## [YOUR OBJECTIVE]
Would you write out all of the records that follow, exactly as they stand?

· · · · ·

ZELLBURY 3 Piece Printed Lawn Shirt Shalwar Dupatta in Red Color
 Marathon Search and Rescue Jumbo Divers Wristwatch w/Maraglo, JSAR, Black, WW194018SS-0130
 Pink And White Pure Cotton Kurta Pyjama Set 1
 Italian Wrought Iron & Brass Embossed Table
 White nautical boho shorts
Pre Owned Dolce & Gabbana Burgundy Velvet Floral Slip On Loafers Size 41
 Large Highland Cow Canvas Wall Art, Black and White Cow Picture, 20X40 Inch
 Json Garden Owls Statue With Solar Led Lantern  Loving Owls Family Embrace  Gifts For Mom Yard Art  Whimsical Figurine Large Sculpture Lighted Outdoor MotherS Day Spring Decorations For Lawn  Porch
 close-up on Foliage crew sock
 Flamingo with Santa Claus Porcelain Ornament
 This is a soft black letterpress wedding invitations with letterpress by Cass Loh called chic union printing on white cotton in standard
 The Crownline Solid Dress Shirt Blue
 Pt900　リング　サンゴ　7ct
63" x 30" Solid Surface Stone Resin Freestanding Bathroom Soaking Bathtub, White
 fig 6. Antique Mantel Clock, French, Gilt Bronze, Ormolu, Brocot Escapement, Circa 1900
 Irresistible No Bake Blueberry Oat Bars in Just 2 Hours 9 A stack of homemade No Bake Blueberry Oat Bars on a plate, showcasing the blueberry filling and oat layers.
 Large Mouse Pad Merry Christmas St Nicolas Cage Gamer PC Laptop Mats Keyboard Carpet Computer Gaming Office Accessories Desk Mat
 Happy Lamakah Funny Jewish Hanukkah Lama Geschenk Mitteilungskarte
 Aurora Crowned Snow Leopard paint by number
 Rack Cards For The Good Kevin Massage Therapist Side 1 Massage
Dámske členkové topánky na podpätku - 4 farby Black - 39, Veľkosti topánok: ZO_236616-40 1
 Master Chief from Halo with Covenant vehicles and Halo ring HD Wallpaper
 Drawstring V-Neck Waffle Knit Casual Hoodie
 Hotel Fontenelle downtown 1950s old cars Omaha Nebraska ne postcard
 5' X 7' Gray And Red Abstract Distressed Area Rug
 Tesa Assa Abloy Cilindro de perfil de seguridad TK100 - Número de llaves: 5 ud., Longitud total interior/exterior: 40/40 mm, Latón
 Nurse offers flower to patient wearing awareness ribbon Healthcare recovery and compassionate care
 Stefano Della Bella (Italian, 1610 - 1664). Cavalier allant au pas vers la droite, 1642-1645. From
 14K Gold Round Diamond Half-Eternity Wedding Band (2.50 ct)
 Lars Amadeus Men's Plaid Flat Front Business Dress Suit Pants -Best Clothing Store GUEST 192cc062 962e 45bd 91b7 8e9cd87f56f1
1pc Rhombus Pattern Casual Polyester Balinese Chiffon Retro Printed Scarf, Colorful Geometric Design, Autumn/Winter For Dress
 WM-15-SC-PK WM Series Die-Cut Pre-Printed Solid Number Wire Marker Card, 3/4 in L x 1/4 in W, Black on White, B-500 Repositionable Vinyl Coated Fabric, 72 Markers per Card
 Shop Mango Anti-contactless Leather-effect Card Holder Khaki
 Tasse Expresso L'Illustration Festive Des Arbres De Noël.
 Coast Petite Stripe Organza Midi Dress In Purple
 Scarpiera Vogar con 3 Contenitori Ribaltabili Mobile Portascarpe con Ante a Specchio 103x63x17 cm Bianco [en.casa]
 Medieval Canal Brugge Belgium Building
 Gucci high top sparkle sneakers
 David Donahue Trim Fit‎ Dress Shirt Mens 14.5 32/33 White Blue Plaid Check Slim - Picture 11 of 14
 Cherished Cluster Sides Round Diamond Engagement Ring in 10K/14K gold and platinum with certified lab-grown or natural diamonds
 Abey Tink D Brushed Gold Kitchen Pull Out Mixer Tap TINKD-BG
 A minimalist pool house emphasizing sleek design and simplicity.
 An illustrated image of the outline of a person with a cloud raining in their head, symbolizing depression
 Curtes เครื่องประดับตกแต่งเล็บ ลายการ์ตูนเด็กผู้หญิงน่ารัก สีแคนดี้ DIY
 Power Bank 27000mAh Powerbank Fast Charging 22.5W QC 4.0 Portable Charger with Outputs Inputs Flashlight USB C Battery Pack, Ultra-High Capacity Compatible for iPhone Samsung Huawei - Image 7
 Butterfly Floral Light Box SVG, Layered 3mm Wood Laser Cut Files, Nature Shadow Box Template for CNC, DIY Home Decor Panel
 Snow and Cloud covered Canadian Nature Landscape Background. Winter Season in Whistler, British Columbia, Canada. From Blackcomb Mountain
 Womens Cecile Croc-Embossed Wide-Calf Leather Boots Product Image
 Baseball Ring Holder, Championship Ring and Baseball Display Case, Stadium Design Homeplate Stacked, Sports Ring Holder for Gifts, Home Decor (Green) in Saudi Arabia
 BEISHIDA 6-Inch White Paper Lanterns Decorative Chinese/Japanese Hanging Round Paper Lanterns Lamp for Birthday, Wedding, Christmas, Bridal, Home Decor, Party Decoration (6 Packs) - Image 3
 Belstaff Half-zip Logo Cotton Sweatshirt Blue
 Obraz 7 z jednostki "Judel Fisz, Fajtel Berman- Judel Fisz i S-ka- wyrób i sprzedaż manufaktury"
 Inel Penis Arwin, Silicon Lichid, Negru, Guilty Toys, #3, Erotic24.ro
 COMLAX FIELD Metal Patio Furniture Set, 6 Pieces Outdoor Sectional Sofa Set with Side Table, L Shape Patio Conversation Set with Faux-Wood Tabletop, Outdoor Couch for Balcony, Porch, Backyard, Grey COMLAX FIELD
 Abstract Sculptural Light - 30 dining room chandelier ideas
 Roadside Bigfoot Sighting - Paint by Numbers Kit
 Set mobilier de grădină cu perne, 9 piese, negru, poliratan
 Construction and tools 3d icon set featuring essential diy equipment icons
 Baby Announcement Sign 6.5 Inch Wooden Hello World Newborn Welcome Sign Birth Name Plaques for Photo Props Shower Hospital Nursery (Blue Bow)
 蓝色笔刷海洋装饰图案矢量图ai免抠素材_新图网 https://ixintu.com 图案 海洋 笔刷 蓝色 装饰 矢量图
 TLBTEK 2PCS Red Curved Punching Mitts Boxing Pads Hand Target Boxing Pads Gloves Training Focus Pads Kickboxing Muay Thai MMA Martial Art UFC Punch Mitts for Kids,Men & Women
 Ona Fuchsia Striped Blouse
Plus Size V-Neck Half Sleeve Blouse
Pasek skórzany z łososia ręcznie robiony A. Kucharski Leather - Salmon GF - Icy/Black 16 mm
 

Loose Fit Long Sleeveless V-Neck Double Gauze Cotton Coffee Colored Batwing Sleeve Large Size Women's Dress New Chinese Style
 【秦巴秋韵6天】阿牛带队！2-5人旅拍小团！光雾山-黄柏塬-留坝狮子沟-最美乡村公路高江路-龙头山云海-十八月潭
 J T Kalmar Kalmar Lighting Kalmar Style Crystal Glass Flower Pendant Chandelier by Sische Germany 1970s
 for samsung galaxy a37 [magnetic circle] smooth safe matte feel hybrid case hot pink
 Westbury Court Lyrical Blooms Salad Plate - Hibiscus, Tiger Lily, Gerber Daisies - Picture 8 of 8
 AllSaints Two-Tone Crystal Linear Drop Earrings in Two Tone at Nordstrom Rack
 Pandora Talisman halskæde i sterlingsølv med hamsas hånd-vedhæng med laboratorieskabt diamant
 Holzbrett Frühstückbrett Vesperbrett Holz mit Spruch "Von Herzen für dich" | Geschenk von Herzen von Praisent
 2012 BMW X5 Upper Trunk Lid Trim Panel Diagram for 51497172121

· · · · ·

## [TASK ANSWER]
ZELLBURY 3 Piece Printed Lawn Shirt Shalwar Dupatta in Red Color
 Marathon Search and Rescue Jumbo Divers Wristwatch w/Maraglo, JSAR, Black, WW194018SS-0130
 Pink And White Pure Cotton Kurta Pyjama Set 1
 Italian Wrought Iron & Brass Embossed Table
 White nautical boho shorts
Pre Owned Dolce & Gabbana Burgundy Velvet Floral Slip On Loafers Size 41
 Large Highland Cow Canvas Wall Art, Black and White Cow Picture, 20X40 Inch
 Json Garden Owls Statue With Solar Led Lantern  Loving Owls Family Embrace  Gifts For Mom Yard Art  Whimsical Figurine Large Sculpture Lighted Outdoor MotherS Day Spring Decorations For Lawn  Porch
 close-up on Foliage crew sock
 Flamingo with Santa Claus Porcelain Ornament
 This is a soft black letterpress wedding invitations with letterpress by Cass Loh called chic union printing on white cotton in standard
 The Crownline Solid Dress Shirt Blue
 Pt900　リング　サンゴ　7ct
63" x 30" Solid Surface Stone Resin Freestanding Bathroom Soaking Bathtub, White
 fig 6. Antique Mantel Clock, French, Gilt Bronze, Ormolu, Brocot Escapement, Circa 1900
 Irresistible No Bake Blueberry Oat Bars in Just 2 Hours 9 A stack of homemade No Bake Blueberry Oat Bars on a plate, showcasing the blueberry filling and oat layers.
 Large Mouse Pad Merry Christmas St Nicolas Cage Gamer PC Laptop Mats Keyboard Carpet Computer Gaming Office Accessories Desk Mat
 Happy Lamakah Funny Jewish Hanukkah Lama Geschenk Mitteilungskarte
 Aurora Crowned Snow Leopard paint by number
 Rack Cards For The Good Kevin Massage Therapist Side 1 Massage
Dámske členkové topánky na podpätku - 4 farby Black - 39, Veľkosti topánok: ZO_236616-40 1
 Master Chief from Halo with Covenant vehicles and Halo ring HD Wallpaper
 Drawstring V-Neck Waffle Knit Casual Hoodie
 Hotel Fontenelle downtown 1950s old cars Omaha Nebraska ne postcard
 5' X 7' Gray And Red Abstract Distressed Area Rug
 Tesa Assa Abloy Cilindro de perfil de seguridad TK100 - Número de llaves: 5 ud., Longitud total interior/exterior: 40/40 mm, Latón
 Nurse offers flower to patient wearing awareness ribbon Healthcare recovery and compassionate care
 Stefano Della Bella (Italian, 1610 - 1664). Cavalier allant au pas vers la droite, 1642-1645. From
 14K Gold Round Diamond Half-Eternity Wedding Band (2.50 ct)
 Lars Amadeus Men's Plaid Flat Front Business Dress Suit Pants -Best Clothing Store GUEST 192cc062 962e 45bd 91b7 8e9cd87f56f1
1pc Rhombus Pattern Casual Polyester Balinese Chiffon Retro Printed Scarf, Colorful Geometric Design, Autumn/Winter For Dress
 WM-15-SC-PK WM Series Die-Cut Pre-Printed Solid Number Wire Marker Card, 3/4 in L x 1/4 in W, Black on White, B-500 Repositionable Vinyl Coated Fabric, 72 Markers per Card
 Shop Mango Anti-contactless Leather-effect Card Holder Khaki
 Tasse Expresso L'Illustration Festive Des Arbres De Noël.
 Coast Petite Stripe Organza Midi Dress In Purple
 Scarpiera Vogar con 3 Contenitori Ribaltabili Mobile Portascarpe con Ante a Specchio 103x63x17 cm Bianco [en.casa]
 Medieval Canal Brugge Belgium Building
 Gucci high top sparkle sneakers
 David Donahue Trim Fit‎ Dress Shirt Mens 14.5 32/33 White Blue Plaid Check Slim - Picture 11 of 14
 Cherished Cluster Sides Round Diamond Engagement Ring in 10K/14K gold and platinum with certified lab-grown or natural diamonds
 Abey Tink D Brushed Gold Kitchen Pull Out Mixer Tap TINKD-BG
 A minimalist pool house emphasizing sleek design and simplicity.
 An illustrated image of the outline of a person with a cloud raining in their head, symbolizing depression
 Curtes เครื่องประดับตกแต่งเล็บ ลายการ์ตูนเด็กผู้หญิงน่ารัก สีแคนดี้ DIY
 Power Bank 27000mAh Powerbank Fast Charging 22.5W QC 4.0 Portable Charger with Outputs Inputs Flashlight USB C Battery Pack, Ultra-High Capacity Compatible for iPhone Samsung Huawei - Image 7
 Butterfly Floral Light Box SVG, Layered 3mm Wood Laser Cut Files, Nature Shadow Box Template for CNC, DIY Home Decor Panel
 Snow and Cloud covered Canadian Nature Landscape Background. Winter Season in Whistler, British Columbia, Canada. From Blackcomb Mountain
 Womens Cecile Croc-Embossed Wide-Calf Leather Boots Product Image
 Baseball Ring Holder, Championship Ring and Baseball Display Case, Stadium Design Homeplate Stacked, Sports Ring Holder for Gifts, Home Decor (Green) in Saudi Arabia
 BEISHIDA 6-Inch White Paper Lanterns Decorative Chinese/Japanese Hanging Round Paper Lanterns Lamp for Birthday, Wedding, Christmas, Bridal, Home Decor, Party Decoration (6 Packs) - Image 3
 Belstaff Half-zip Logo Cotton Sweatshirt Blue
 Obraz 7 z jednostki "Judel Fisz, Fajtel Berman- Judel Fisz i S-ka- wyrób i sprzedaż manufaktury"
 Inel Penis Arwin, Silicon Lichid, Negru, Guilty Toys, #3, Erotic24.ro
 COMLAX FIELD Metal Patio Furniture Set, 6 Pieces Outdoor Sectional Sofa Set with Side Table, L Shape Patio Conversation Set with Faux-Wood Tabletop, Outdoor Couch for Balcony, Porch, Backyard, Grey COMLAX FIELD
 Abstract Sculptural Light - 30 dining room chandelier ideas
 Roadside Bigfoot Sighting - Paint by Numbers Kit
 Set mobilier de grădină cu perne, 9 piese, negru, poliratan
 Construction and tools 3d icon set featuring essential diy equipment icons
 Baby Announcement Sign 6.5 Inch Wooden Hello World Newborn Welcome Sign Birth Name Plaques for Photo Props Shower Hospital Nursery (Blue Bow)
 蓝色笔刷海洋装饰图案矢量图ai免抠素材_新图网 https://ixintu.com 图案 海洋 笔刷 蓝色 装饰 矢量图
 TLBTEK 2PCS Red Curved Punching Mitts Boxing Pads Hand Target Boxing Pads Gloves Training Focus Pads Kickboxing Muay Thai MMA Martial Art UFC Punch Mitts for Kids,Men & Women
 Ona Fuchsia Striped Blouse
Plus Size V-Neck Half Sleeve Blouse
Pasek skórzany z łososia ręcznie robiony A. Kucharski Leather - Salmon GF - Icy/Black 16 mm
 

Loose Fit Long Sleeveless V-Neck Double Gauze Cotton Coffee Colored Batwing Sleeve Large Size Women's Dress New Chinese Style
 【秦巴秋韵6天】阿牛带队！2-5人旅拍小团！光雾山-黄柏塬-留坝狮子沟-最美乡村公路高江路-龙头山云海-十八月潭
 J T Kalmar Kalmar Lighting Kalmar Style Crystal Glass Flower Pendant Chandelier by Sische Germany 1970s
 for samsung galaxy a37 [magnetic circle] smooth safe matte feel hybrid case hot pink
 Westbury Court Lyrical Blooms Salad Plate - Hibiscus, Tiger Lily, Gerber Daisies - Picture 8 of 8
 AllSaints Two-Tone Crystal Linear Drop Earrings in Two Tone at Nordstrom Rack
 Pandora Talisman halskæde i sterlingsølv med hamsas hånd-vedhæng med laboratorieskabt diamant
 Holzbrett Frühstückbrett Vesperbrett Holz mit Spruch "Von Herzen für dich" | Geschenk von Herzen von Praisent
 2012 BMW X5 Upper Trunk Lid Trim Panel Diagram for 51497172121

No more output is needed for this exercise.